Whither, Federal Reserve? (1) Before Our Crash
The Federal Reserve seems to be a big black box, containing magic. In fact, its high-wire acrobatics must not be allowed to fail. Nevertheless, it may be time to consider revising or replacing it.
|Federal Reserve Bank of Philadelphia|
Bonds are part of a collection called fixed-income investments. They have their advantages, but one great disadvantage is that they are a zero-sum contract. If both the investor and the issuer hold the bond to its stated maturity and are completely satisfied with the interest rate during the entire time, then it is just a contract whose terms please both parties. But if, as quite often happens, one party profits more than originally expected, then the other must lose an equal amount. If inflation makes the bond worthless to the holder, then the bond issuer can pay him back in cheaper dollars and is happy about it. If interest rates go down in a recession, then the reverse is true. The most unhappy situation for investors is to have the bond lack "call protection" and be redeemed earlier than expected, but at a moment that is to the advantage of the issuer.

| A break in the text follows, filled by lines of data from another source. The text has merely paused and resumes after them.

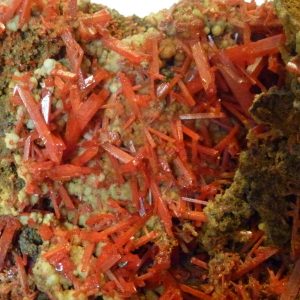 CROCOITE SPECIMEN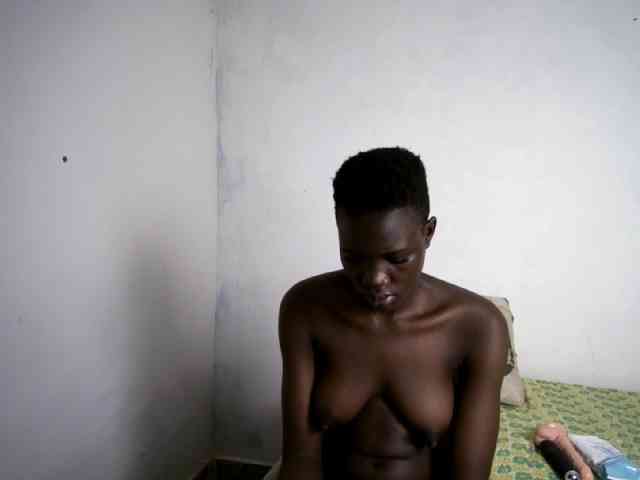 Prettieme12 webcam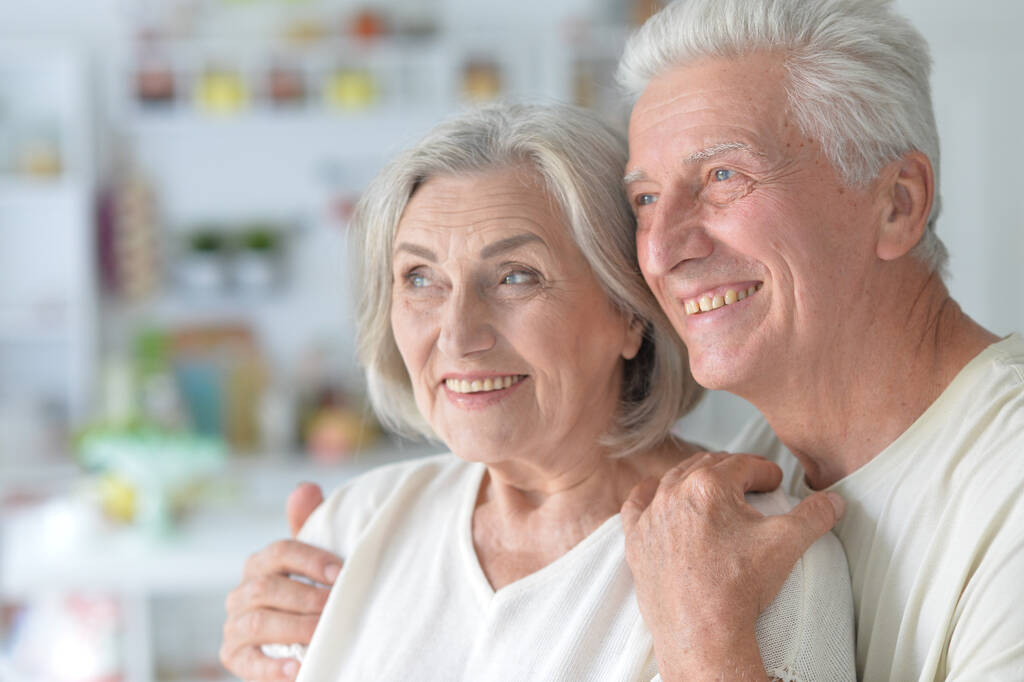 Retrato de casal de idosos felizes em casa - Foto, Imagem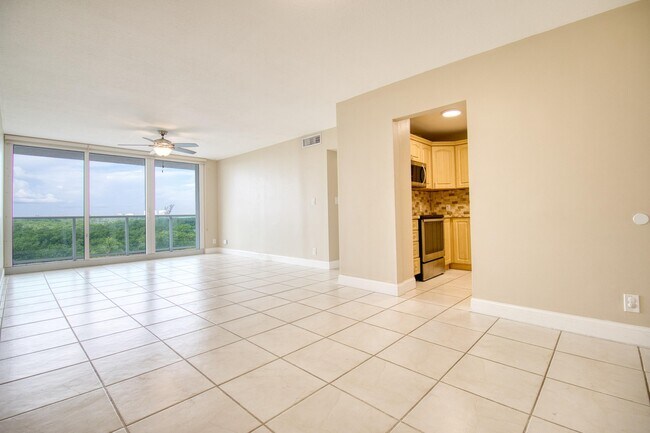 Building Photo - 100 Bayview Dr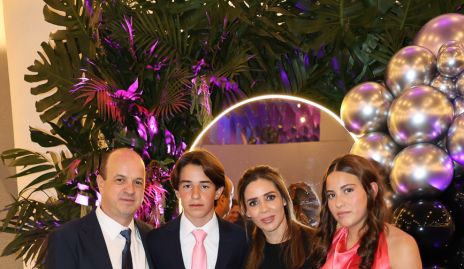  Alejandro Martínez, Marcelo Martínez, Vero Franco y Sofía Peláez.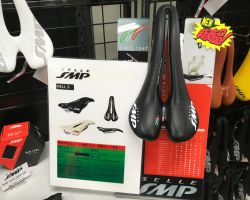 SMP HELL S<br />上位モデルとほぼ同じベース・レールに厚手のパッドを載せて合皮仕上げで価格jを抑えたHELLシリーズ。細身の「S」が追加になります。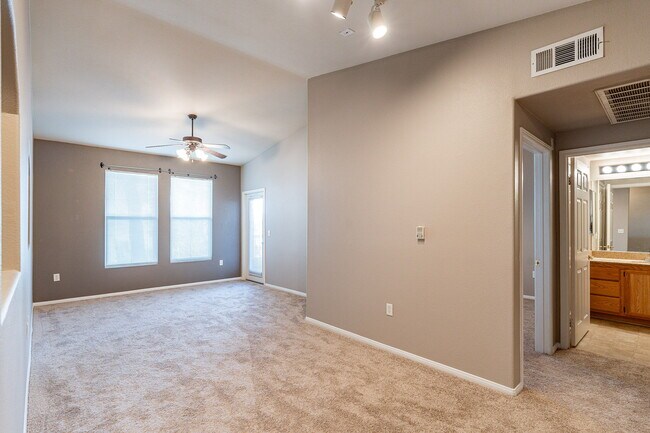 Building Photo - 10001 Peace Way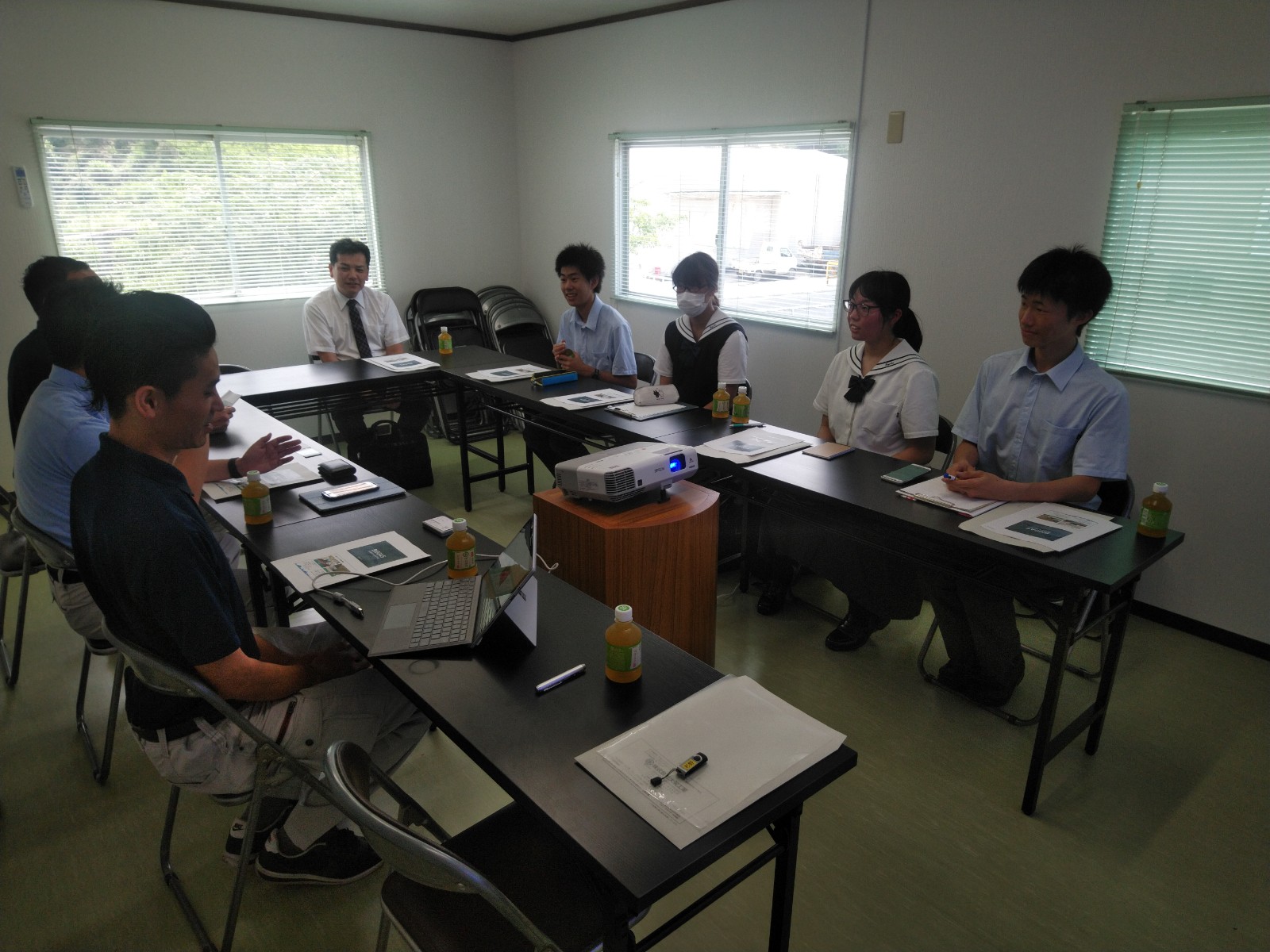 鈴鹿市の先生と生徒の皆さんが見学に来てくれました 食品リサイクルは大栄工業にお任せください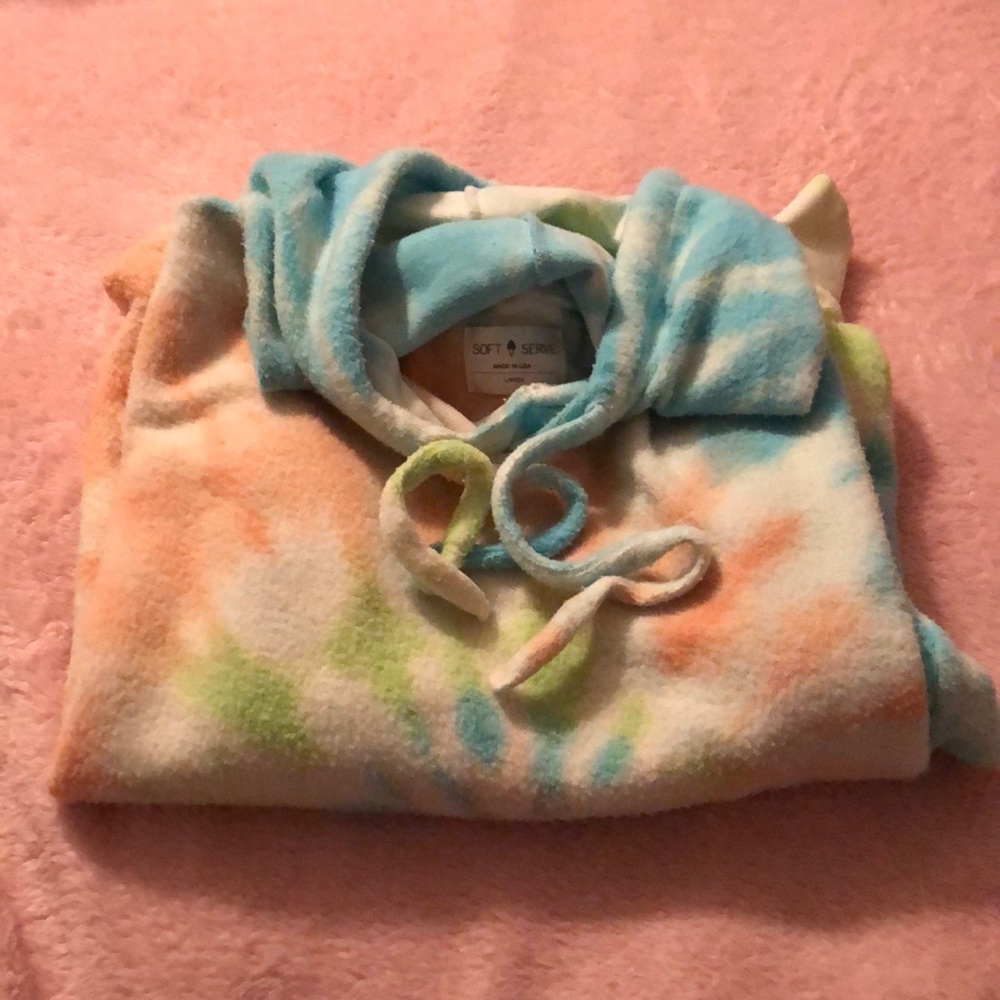 Soft Serve cloud hoodie! Sherbert color. Like NEW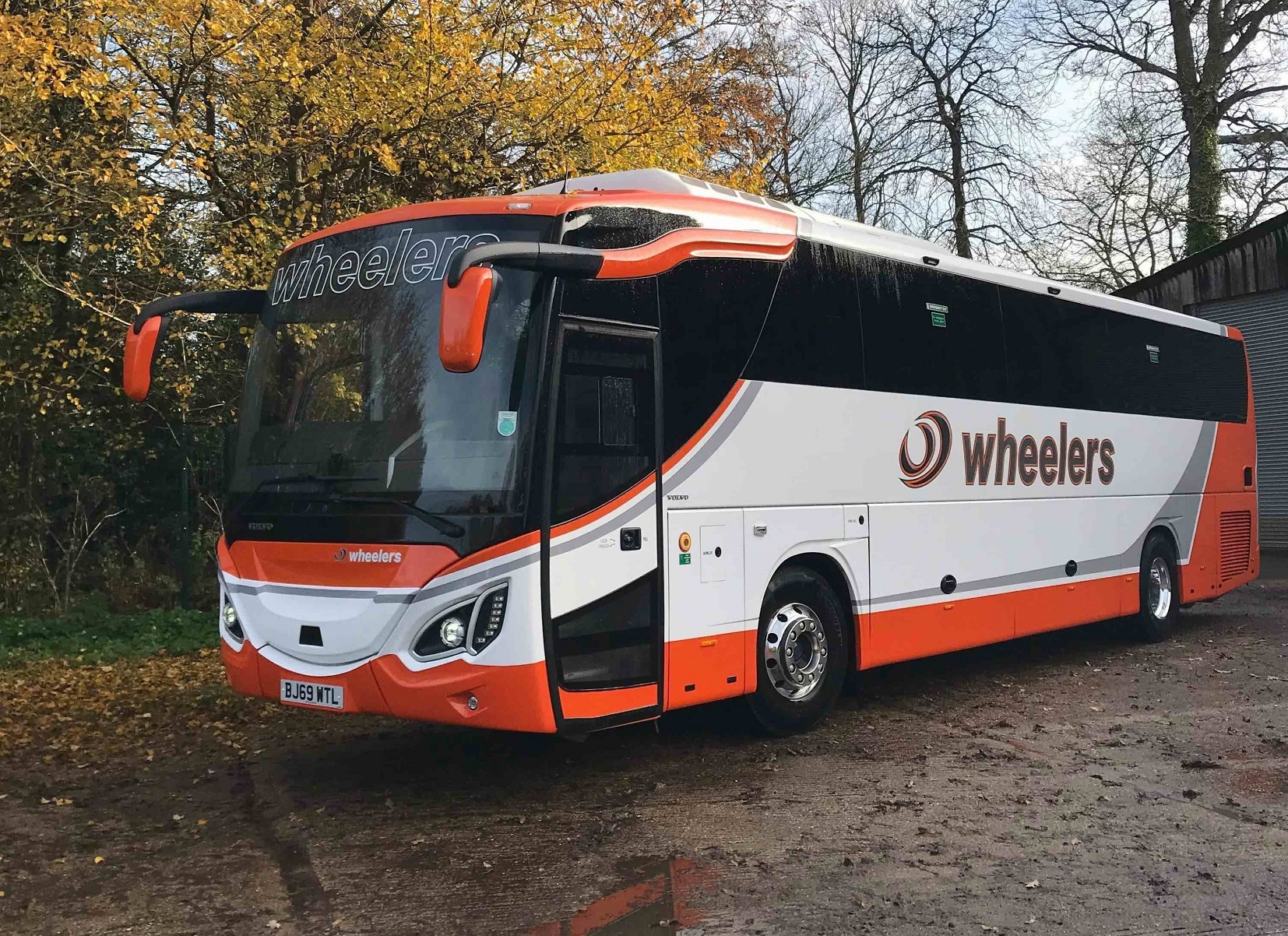 Volvo and MCV to show restyled B8R Evotor coach body in 2024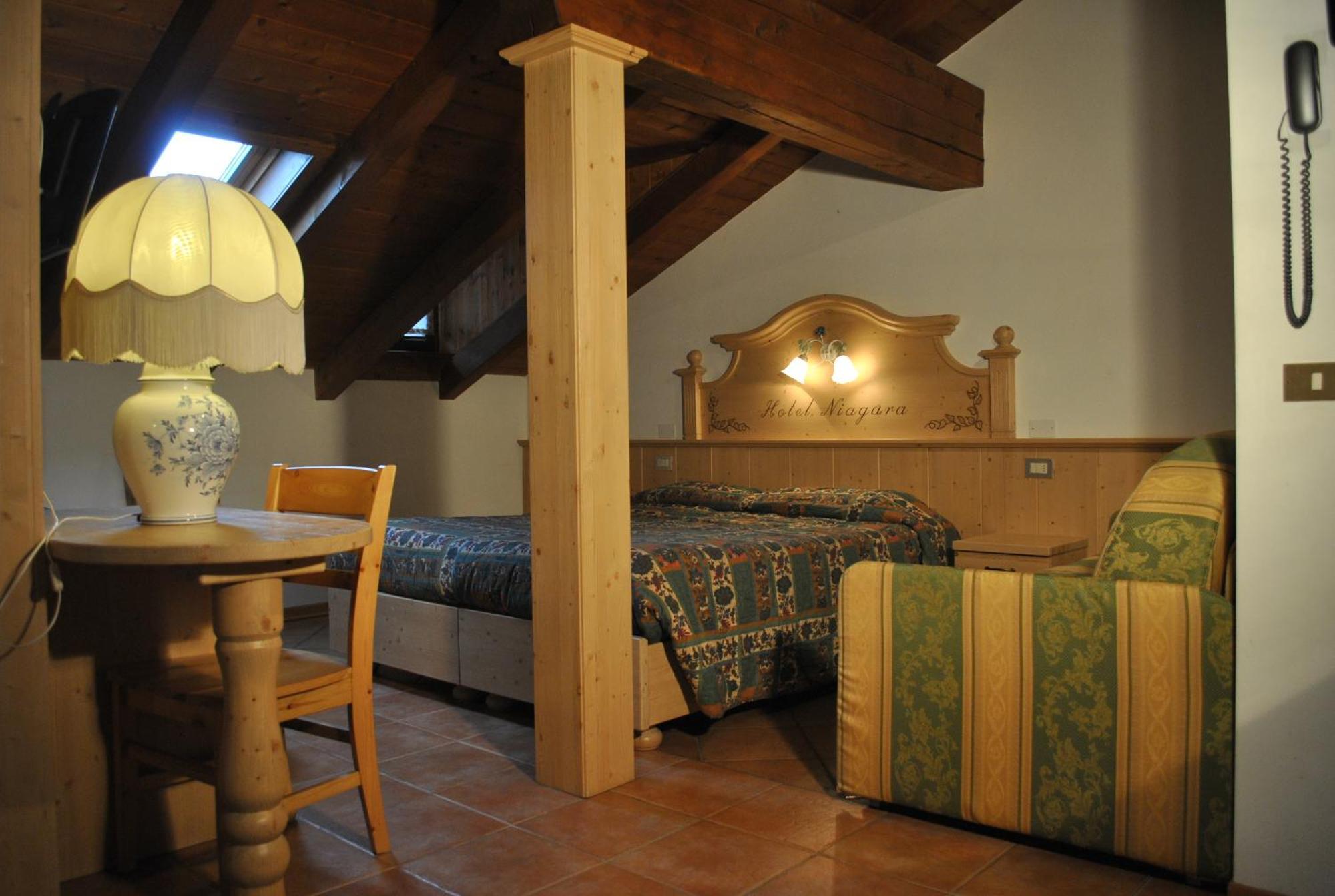 Hotel Niagara Ossana Εξωτερικό φωτογραφία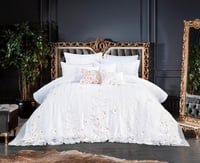 مفرش عرائس نيارة قطن 100% تطريز ورد 10 قطع ابيض مط...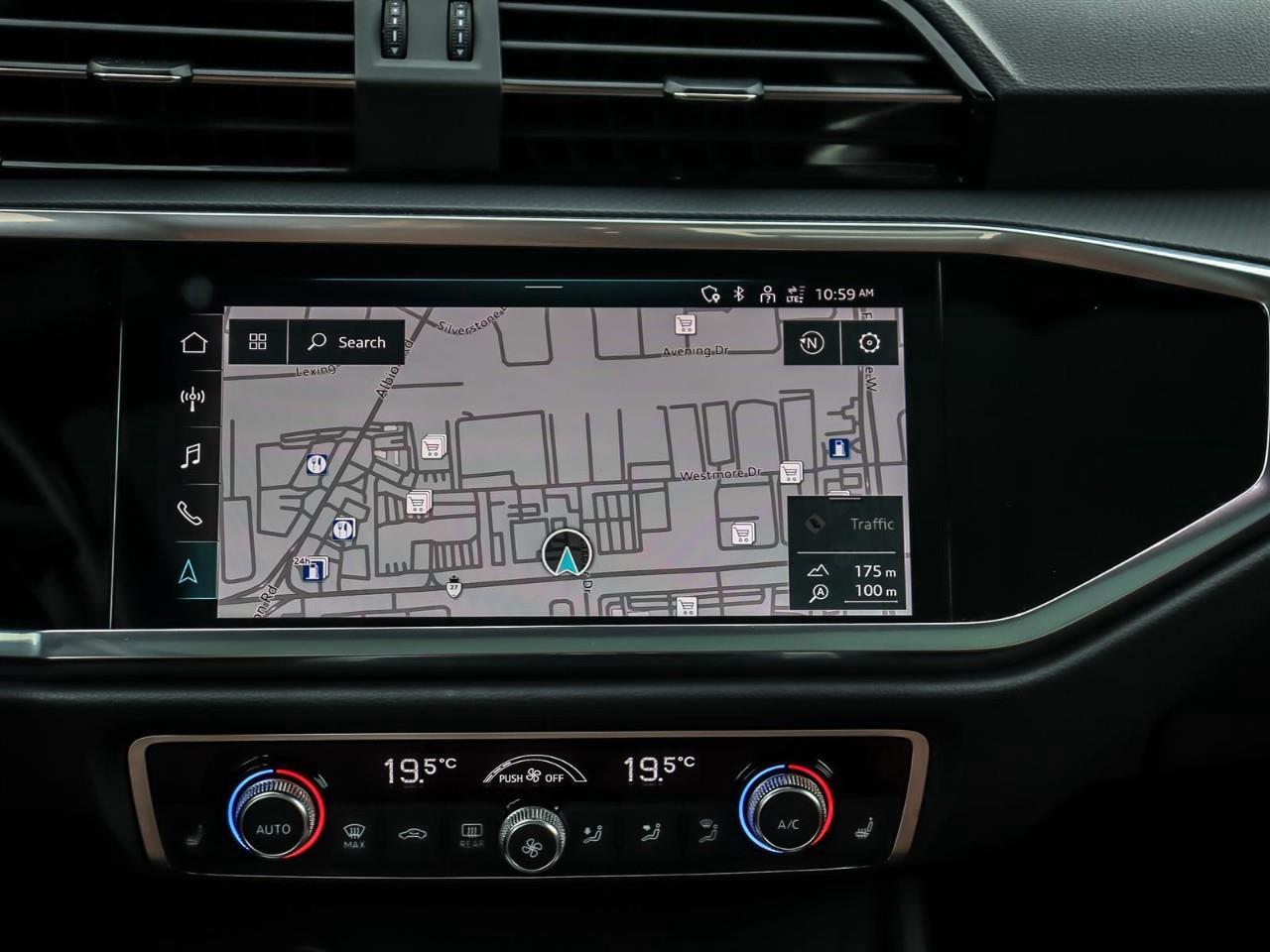 2022 Audi Q3 45 Progressiv Photo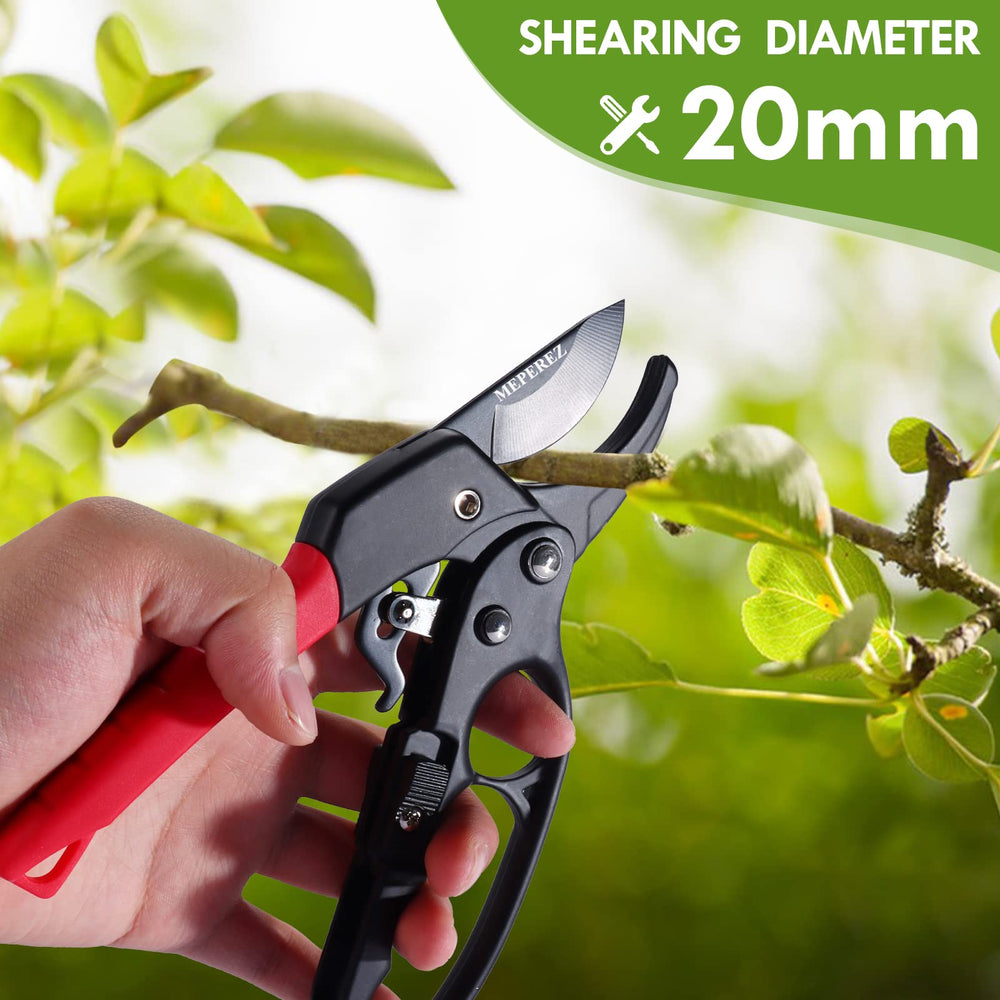 Close-up of MEPEREZ shears cutting through a branch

Common stock, by the way, is not like that. It entitles you to a piece of the ownership of a company which works for you, and your interests will be parallel in wanting the company to succeed. When you buy or sell the stock, it is possible for both sides of the transaction to be pleased with the result. Or you both can be displeased, but neither should feel victimized by the other.
With bonds, it is often the case that newspaper reports seem ambiguous. When bonds go "up", sometimes it means interest rates go up, which pleases investors, displeases issuers. Unfortunately, when interest rates go up, the sale price of the principal must go down to remain in harmony with current market conditions. So, a rise in interest rate pleases those investors who are looking to buy but disappoints those who bought their bonds earlier and might be looking to sell. Note the multiplier here. Depending on the duration of the bond, a change of one percent in the interest rate might imply a ten-percent change in the principle. Stated another way, it takes a ton of money to affect prevailing interest rates very much.
There's one exceptional situation in fixed income markets, the viewpoint of the Federal Reserve, in charge of the money supply. To the Fed, rising short-term money market interest rates imply a scarcity of money, which the Fed can correct by printing more money. That's only a metaphorical expression; what it really does is set a lower interest target for short-term Treasury bills, which the Treasury Secretary dutifully announces. Flooding the country with money will reduce its scarcity, thereby lowering prevailing money-market interest rates. To repeat: money market interest rates are too high, the Fed announces they should be lower, the Treasury makes it happen. The Fed also has the ability to urge banks to do more lending, by reducing the number of reserves the banks are required to maintain, in the current partial-reserving system of bank regulation. In the one case, there is more money, in the other case there is more credit; there's scarcely any practical difference. The reserving method is more useful during times of inflation when there is too much money in circulation. It's easier to print money than to get rid of money once it has been printed, so in that case, more reliance is placed on raising bank reserve requirements.
All of this comes down to saying that interest rates reflect the scarcity of money. It is possible to adjust interest rates up or down in order to affect the scarcity of money. It is possible, even more common, to adjust the availability of money in order to cause a reverse effect on interest rates. They will go in opposite directions, no matter what action is taken, or in which direction.